Applied exercise: Example code

  1. Start by fitting a somewhat simple model—how are daily mortality counts associated with (a) a linear and (b) a non-linear function of time?

It is helpful to start by loading the R packages you are likely to need, as well as the example dataset. You may also need to re-load the example data and perform the steps taken to clean it in the last chapter:

# Load some packages that will likely be useful
library(tidyverse)
library(viridis)
library(lubridate)
library(broom)

# Load and clean the data
obs <- read_csv("data/lndn_obs.csv") %>% 
  mutate(dow = wday(date, label = TRUE))

For this first question, the aim is to model the association between time and daily mortality counts within the example data. This approach is often used to explore and, if needed, adjust for temporal factors in the data.

There are a number of factors that can act over time to create patterns in both environmental exposures and health outcomes. For example, there may be changes in air pollution exposures over the years of a study because of changes in regulations or growth or decline of factories and automobile traffic in an area. Changes in health care and in population demographics can cause patterns in health outcomes over the study period. At a shorter, seasonal term, there are also factors that could influence both exposures and outcomes, including seasonal changes in climate, seasonal changes in emissions, and seasonal patterns in health outcomes.

It can be difficult to pinpoint and measure these temporal factors, and so instead a common practice is to include model control based on the time in the study. This can be measured, for example, as the day since the start of the study period.

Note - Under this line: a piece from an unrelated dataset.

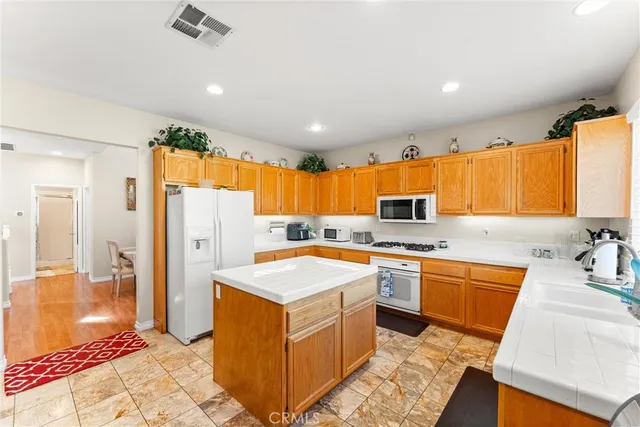 a large kitchen with stainless steel appliances granite countertop a sink and a refrigerator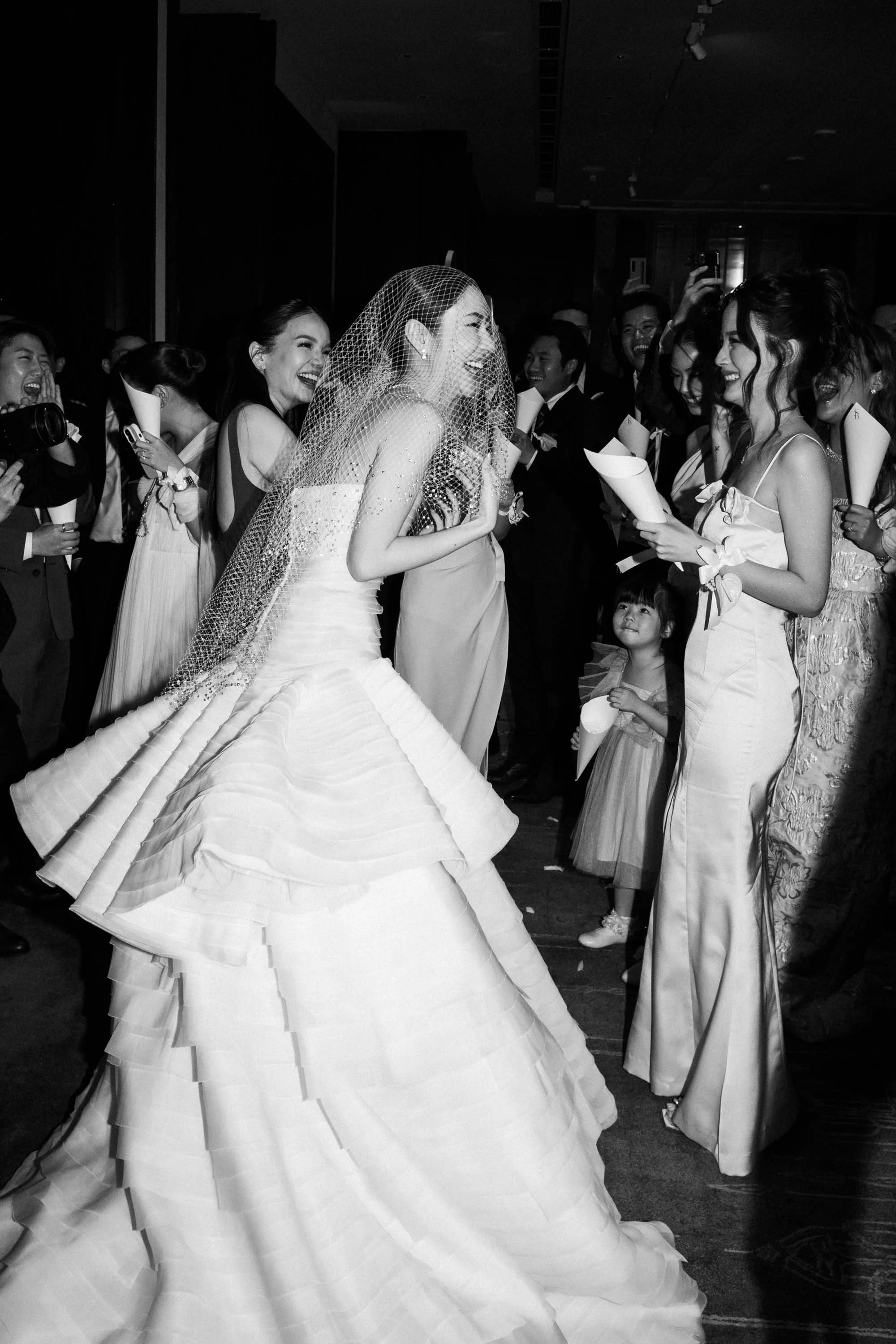 Friends gathering around the bride before the reception entrance.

You can easily add a column for day in study for a dataset that includes date. R saves dates in a special format, which we’re using the in obs dataset:

class(obs$date)
## [1] "Date"

However, this is just a fancy overlay on a value that’s ultimately saved as a number. Like most Unix programs, the date is saved as the number of days since the Unix “epoch”, January 1, 1970. You can take advantage of this convention—if you use as.numeric around a date in R, it will give you a number that gets one unit higher for every new date. Here’s the example for the first date in our example data:

obs$date[1]
## [1] "1990-01-01"
as.numeric(obs$date[1]) 
## [1] 7305

And here’s the example for the next date:

obs$date[2]
## [1] "1990-01-02"
as.numeric(obs$date[2])
## [1] 7306

You can use this convention to add a column that gives days since the first study date. While you could also use the 1:n() call to get a number for each row that goes from 1 to the number of rows, that approach would not catch any “skips” in dates in the data (e.g., missing dates if only warm-season data are included). The use of the dates is more robust:

obs <- obs %>% 
  mutate(time = as.numeric(date) - first(as.numeric(date)))

obs %>% 
  select(date, time)
## # A tibble: 8,279 × 2
##    date        time
##    <date>     <dbl>
##  1 1990-01-01     0
##  2 1990-01-02     1
##  3 1990-01-03     2
##  4 1990-01-04     3
##  5 1990-01-05     4
##  6 1990-01-06     5
##  7 1990-01-07     6
##  8 1990-01-08     7
##  9 1990-01-09     8
## 10 1990-01-10     9
## # ℹ 8,269 more rows

As a next step, it is always useful to use exploratory data analysis to look at the patterns that might exist for an association, before you start designing and fitting the regression model.

ggplot(obs, 
       aes(x = time, y = all)) +
  geom_point(size = 0.5, alpha = 0.5)

There are clear patterns between time and daily mortality counts in these data. First, there is a clear long-term pattern, with mortality rates declining on average over time. Second, there are clear seasonal patterns, with higher mortality generally in the winter and lower rates in the summer.

To model this, we can start with fitting a linear term. In the last chapter, we determined that the mortality outcome data can be fit using a GLM with a Poisson family, allowing for overdispersion as it is common in real-life count data like these. To include time as a linear term, we can just include that column name to the right of the ~ in the model formula:

mod_time <- glm(all ~ time, 
                data = obs, family = "quasipoisson")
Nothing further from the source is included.